All part of the plan to drive more advisers out or force advisers to raise fees to drive away clients thinking that more people will then gravitate to the industry super funds, which are more likey to then allow the government access to the super pot! Its not hard to see that Australia is in the early stages of becoming a communist country with more Government control and oversight over our everyday lives!
He might say that it is being implemented as legislated, however his own March 2023 Explanatory Memorandum provided no cost estimate and no regulation impact statement. The Parliament was ill-informed in what they were voting on as his advice document (the EM) was misleading and deceptive. I doubt anyone in the Parliament thought that this CSLR Bill would result in the advice profession being slugged $100m. If he is setting a precedent for the advice profession with this legislation, then heaven help us. What a disgrace.
This change in tone by Jones has been noticeable for some time. It doesn’t bode well.

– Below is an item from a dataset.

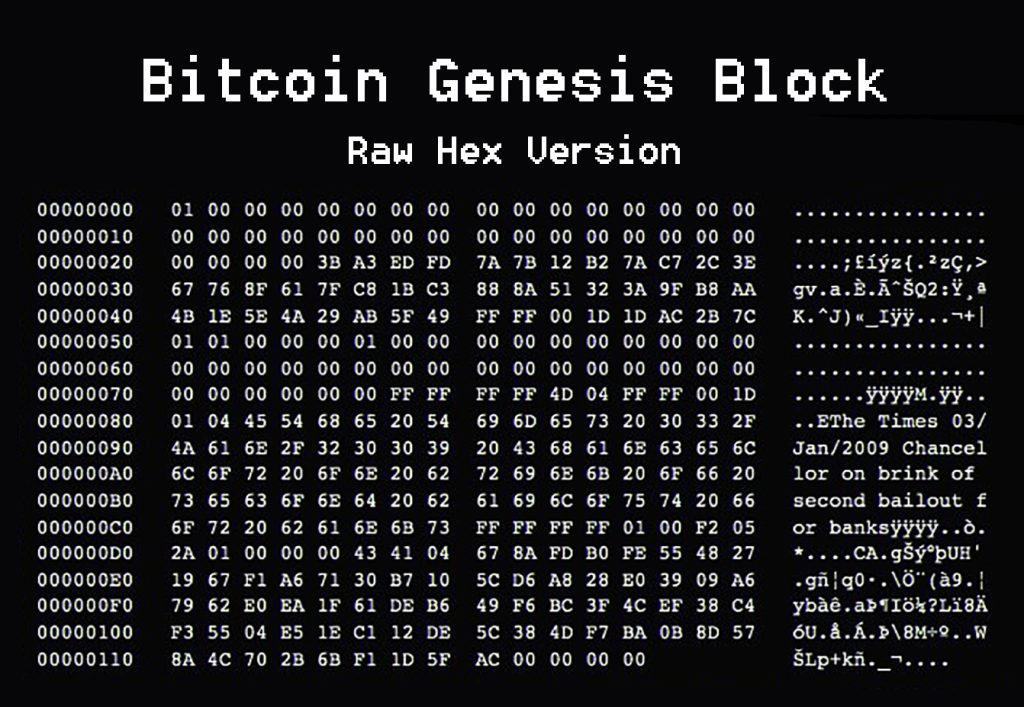 What is the genesis block? Deep dive Bitcoin Genesis Block, learn about Genisis Block Day, and explore significance of Genesis Block.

At some point FAAA and others should consider legal action (if it is in fact an option) otherwise FP will be trampled over never to recover.
How can ANYONE think it’s fair that the bulk of the costs of compensating clients of a collapsed business that had a listed campany as a parent be borne by the remaining advisory force when the conduct for which clients are being compensated occurred even before the Compensation Scheme of Last Resort came into existence? I was prepared to give Jones the benefit of the doubt when he first became Minister, but no longer. At best, he’s incompetent. More likely, he’s worked out that the bulk of advisers don’t don’t Labor. Well, he’s pretty much GUARANTEED that now!
Time to say that enough is enough from this Government and this Minister.
Labor out.
I simply can’t afford this.
I might as well go and work as a barista in the local cafe
How about real estate? The politicians always support that industry.
Another way to read this is Jones again ignores FAAA. What have they actually changed or helped with regard to Advice? Useless the AIOFP has the right approach.
Another fail and complete balls up from Jones. The cost to adviser has never increased more in any previous Government. Even the coalition admitted and knew the impact. jones talks the talk then increases Adviser taxes by the highest amount in history. After promising to fix the mess. What a lying buffoon.
It is not just him…we have been failed by our associations YET AGAIN!…would a any government have the guts to charge Union members for failed projects or builders etc?
Failure or all part of the plan? I would not be at all surprised if ASIC are also involved in conspiring with the Government on how to get rid of advisers!